:: THE PROBLEM ::
In the entries below, repeat only the lines between those holding "The first task" and "So I got this", inclusive. Leave pictures out.

[EXERCISE INPUT — start]

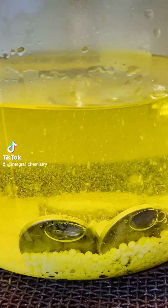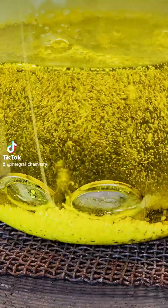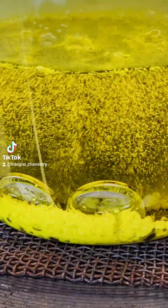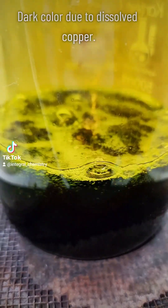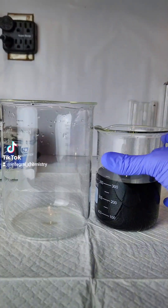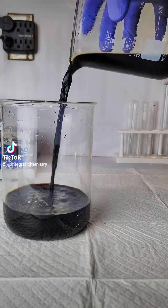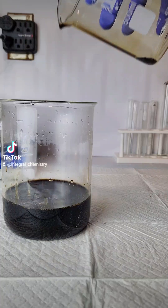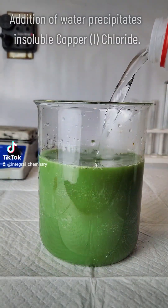This acid solution is boiled for several hours until no nickel metal is visible, at which point the solution will become very dark. This dark color is due to dissolved copper chloride, and once I get to this point I pour my solution off into a larger beaker and add a good deal of water. The addition of water will precipitate the insoluble copper chloride as a white solid, and this will settle to the bottom over time.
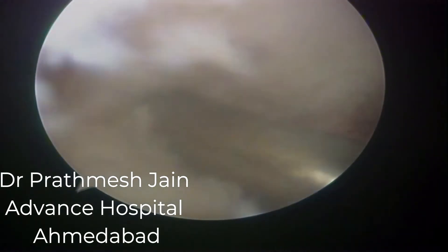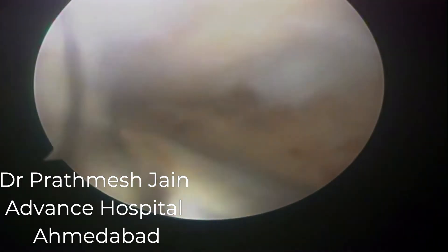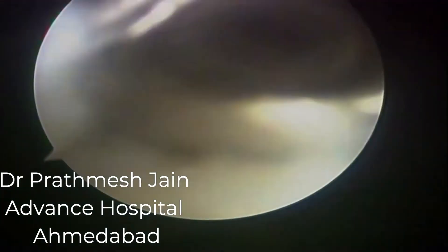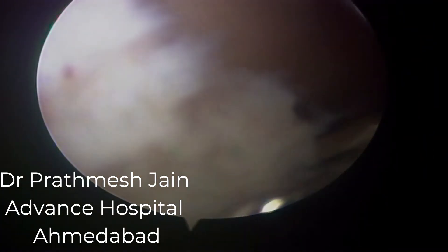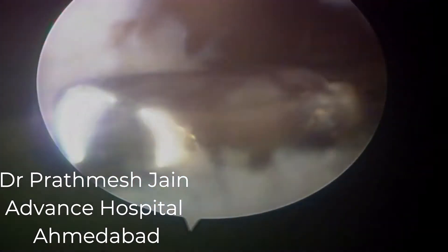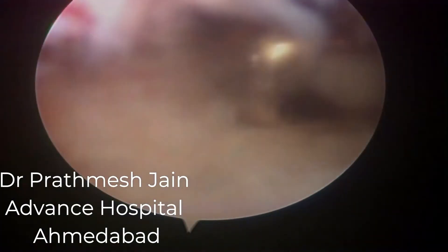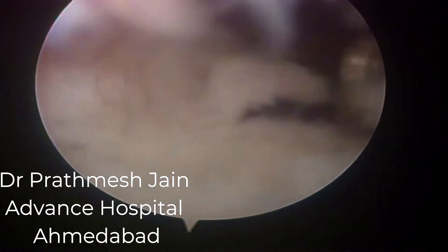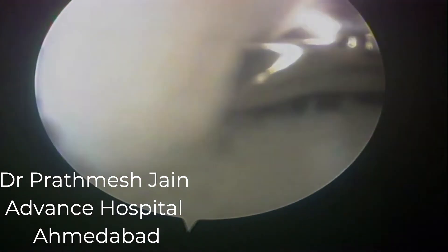Adhesions are released from center to periphery. We slowly go from the intercondylar notch area to the lateral gutter, which was the most pathologically affected area in this patient — being in the vicinity of the screws and the plate. We start the resection with the shaver but may need arthroscopic scissors and punches to release the dense bands of adhesions. Here this is almost like a sheet of dense adhesion at the level of the lateral femoral condyle, which is nicely released with the arthroscopic scissor punches.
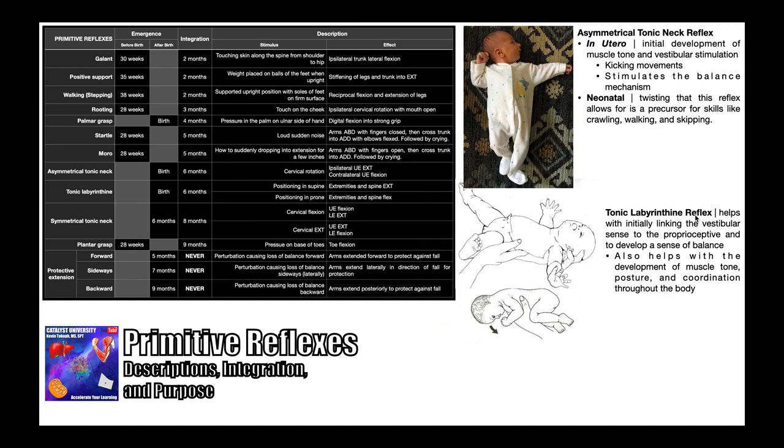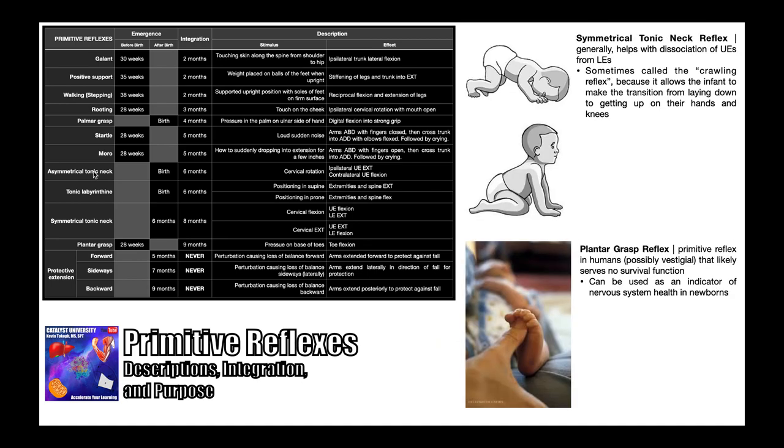Next we have the tonic labyrinthine reflex, which has a different manifestation depending on whether the baby is in supine or prone. In supine, the baby reflexively extends their extremities and spine. When positioned prone, they reflexively flex their extremities and spine — supine everything extends, prone everything flexes. This reflex emerges around the time of birth and doesn't integrate for about six months. Its purpose is to help initially link the vestibular sense to proprioceptive sense, develop a sense of balance, and develop muscle tone, posture, and coordination throughout the body.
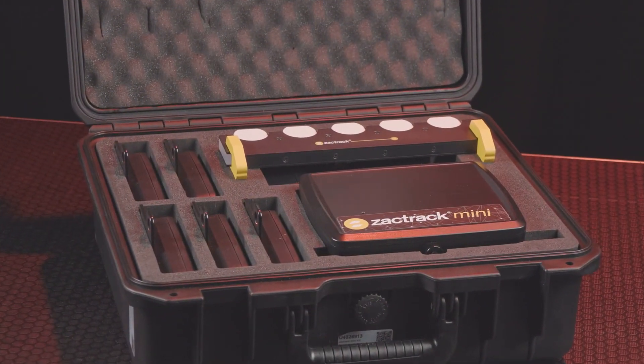The first task when setting up ZAKTRACK is to mount the hardware, so let's get our fully charged master anchor and our five smaller anchors ready to be hung around the space.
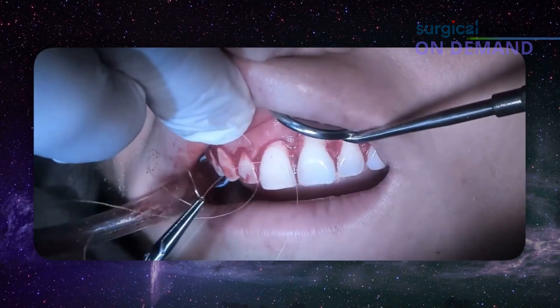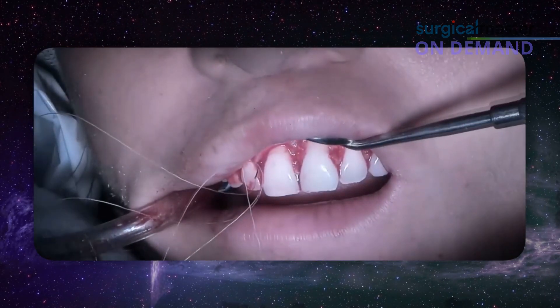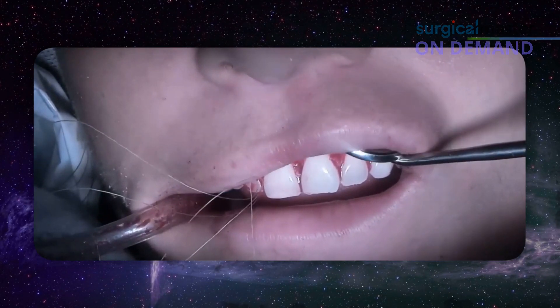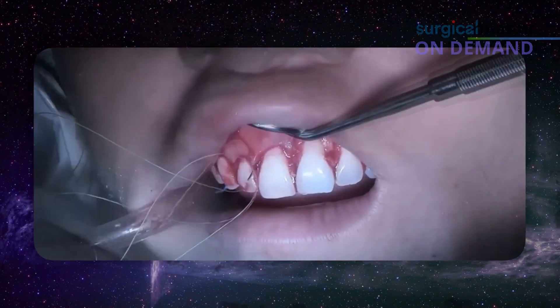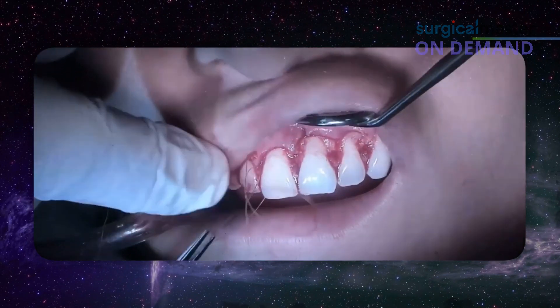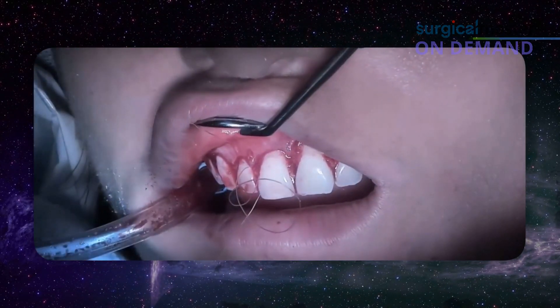Then we go into the interproximal. Then we ask the patient to open so I can get the edge of the needle. Simple interrupted. If you have a large papilla, you can use a vertical mattress.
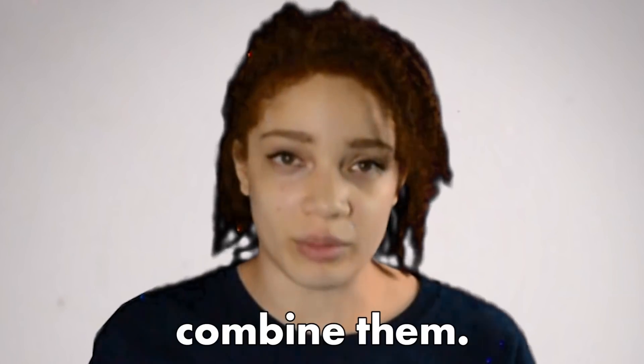This is a human face. And this is a robot head. Today we're gonna combine them. I'm sorry.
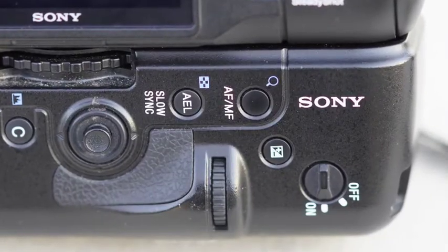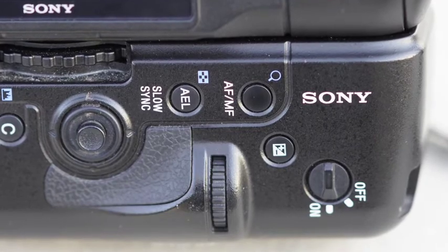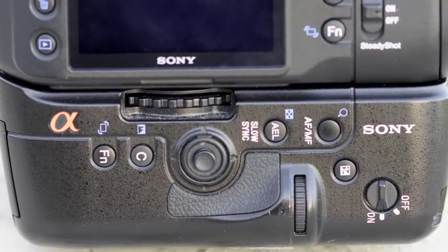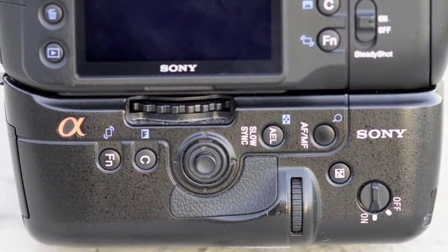Your finger is right where you'd want it on the shutter release. It's got dials front and back for shutter speed and aperture. All of the buttons are duplicated on the vertical grip, just like they are on the camera body, so the buttons are exactly where you'd want them for exposure lock and all the different functions. This grip also allows you to hold two batteries in the A850 and put your finger right where the shutter release is for vertical shooting.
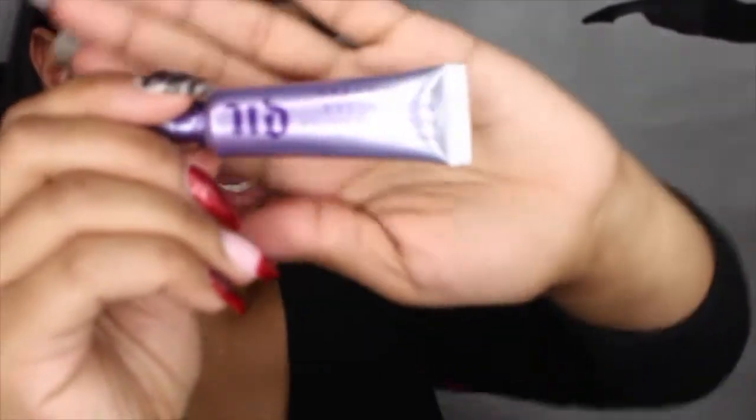I'm just going to go ahead and prime my eyes first with my Urban Decay Primer Potion. I'm just going to put that on the back of my hand and pat it onto my eyelids. The Urban Decay Primer Potion is also really good for oily lids if you tend to get creasing and stuff like that.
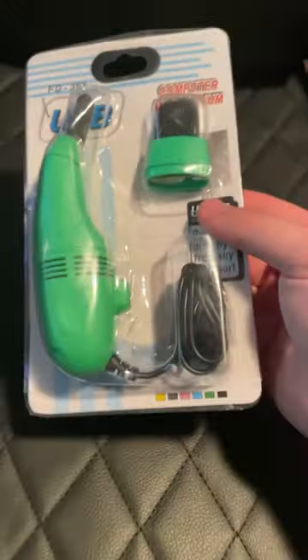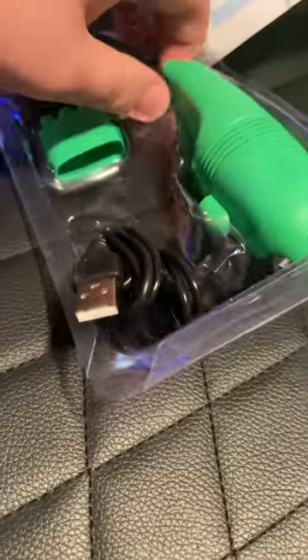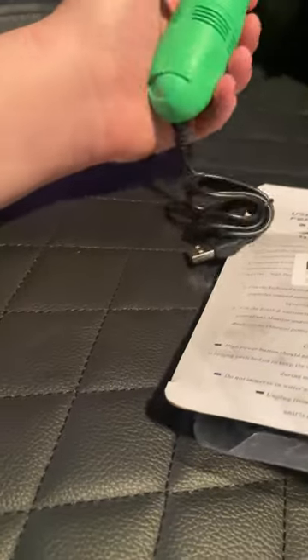So I got this on AliExpress the other day. It's a USB vacuum that's designed for computers apparently. It's made for things like keyboards and stuff — that's what it advertised. Apparently it's a vacuum that connects with USB and just suctions. I want to see if it works.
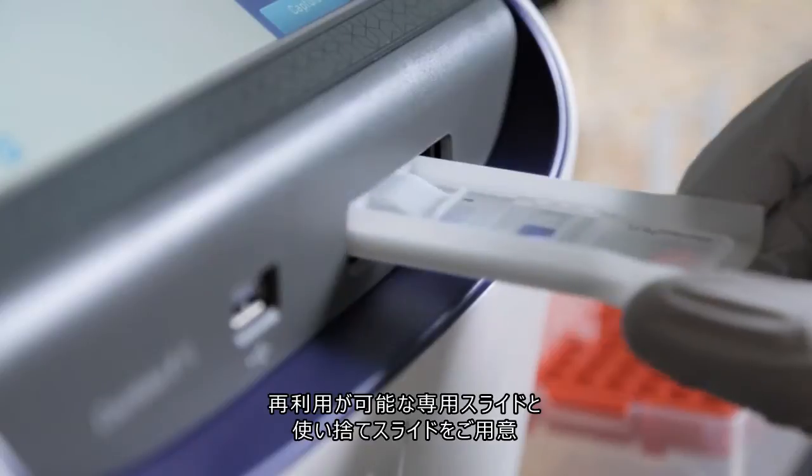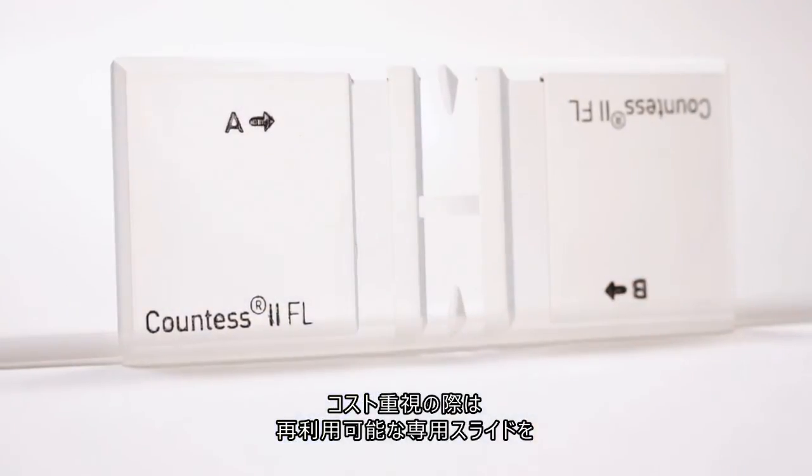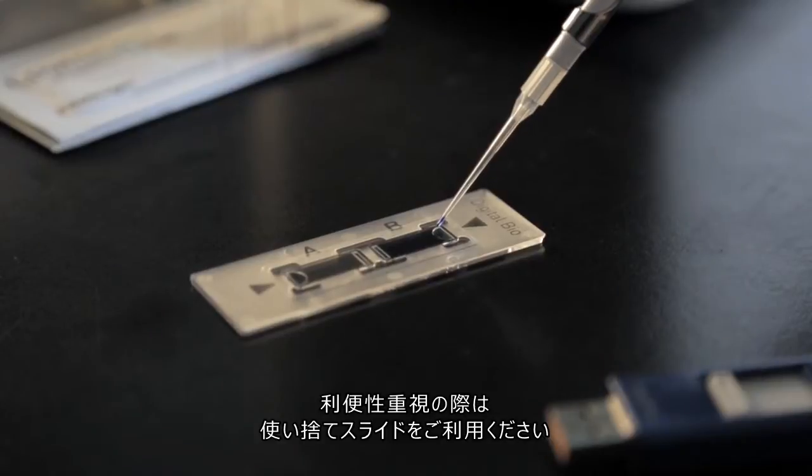The unique design of the Countess2 FL automated cell counter allows the use of an optional reusable counting slide to help reduce lab consumable costs. Disposable slides can also be used for added convenience and easy cleanup.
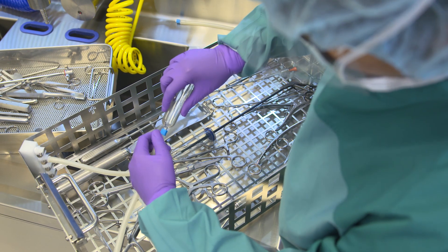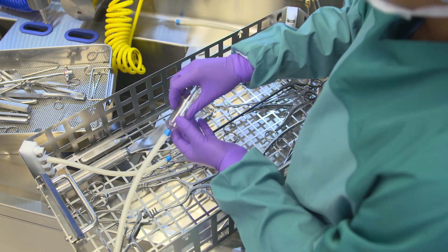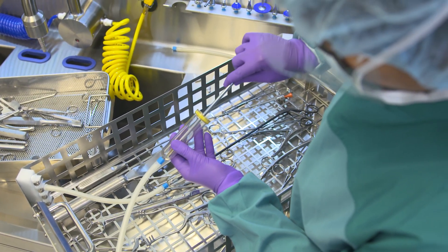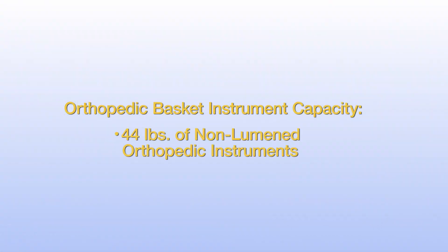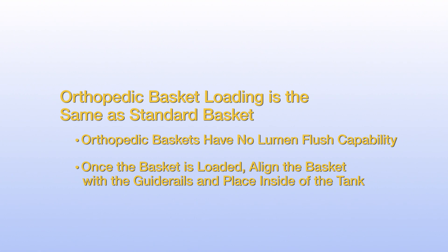For non-ported lumened instruments, use one of the four distal connectors to flush lumens. Choose the correct distal connector based on the instrument size, connect to the instrument, and place in the basket. The orthopedic basket for the InnaWave PCF can hold up to 44 pounds of non-lumened orthopedic instruments. This additional basket is loaded the same way as the standard basket, only with no lumen flushing capabilities. Once the basket is properly loaded, gently place it inside the tank, aligning it with the guide rails.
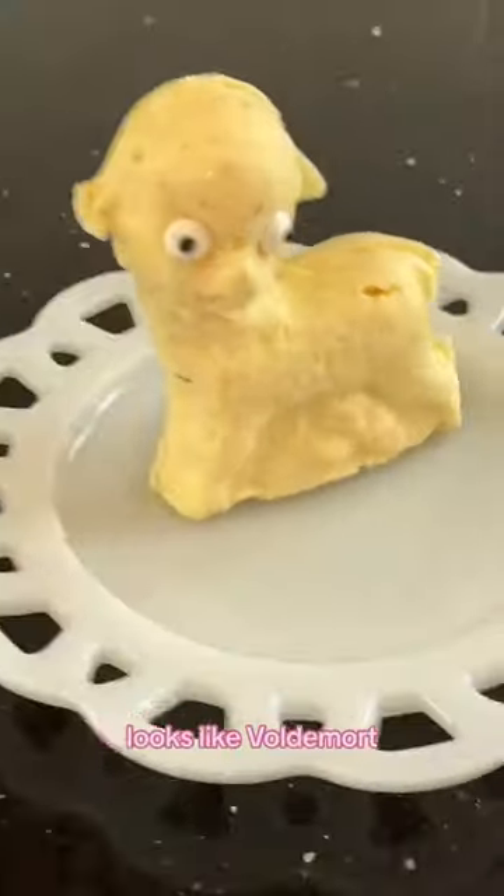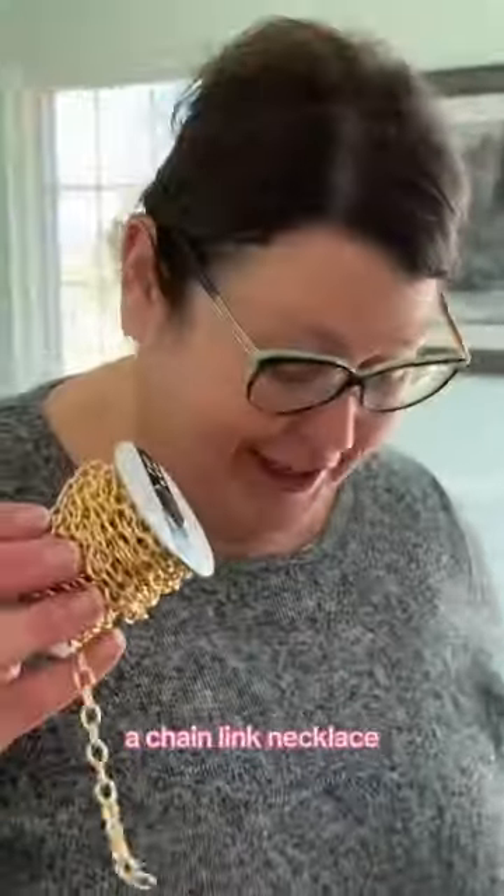Give her some eye mold. It'll be a cursed lamb if we do. It looks like Voldemort. Make fun of my lamb. Give her a chain link necklace, some rhinestones. We're yassifying her.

[EXERCISE INPUT — finish]

:: RESPONSE TO THE TASK ::
The first task when setting up ZAKTRACK is to mount the hardware, so let's get our fully charged master anchor and our five smaller anchors ready to be hung around the space.
Then we go into the interproximal. Then we ask the patient to open so I can get the edge of the needle. Simple interrupted. If you have a large papilla, you can use a vertical mattress.
This is a human face. And this is a robot head. Today we're gonna combine them. I'm sorry.
Your finger is right where you'd want it on the shutter release. It's got dials front and back for shutter speed and aperture. All of the buttons are duplicated on the vertical grip, just like they are on the camera body, so the buttons are exactly where you'd want them for exposure lock and all the different functions. This grip also allows you to hold two batteries in the A850 and put your finger right where the shutter release is for vertical shooting.
I'm just going to go ahead and prime my eyes first with my Urban Decay Primer Potion. I'm just going to put that on the back of my hand and pat it onto my eyelids. The Urban Decay Primer Potion is also really good for oily lids if you tend to get creasing and stuff like that.
So I got this on AliExpress the other day. It's a USB vacuum that's designed for computers apparently. It's made for things like keyboards and stuff — that's what it advertised. Apparently it's a vacuum that connects with USB and just suctions. I want to see if it works.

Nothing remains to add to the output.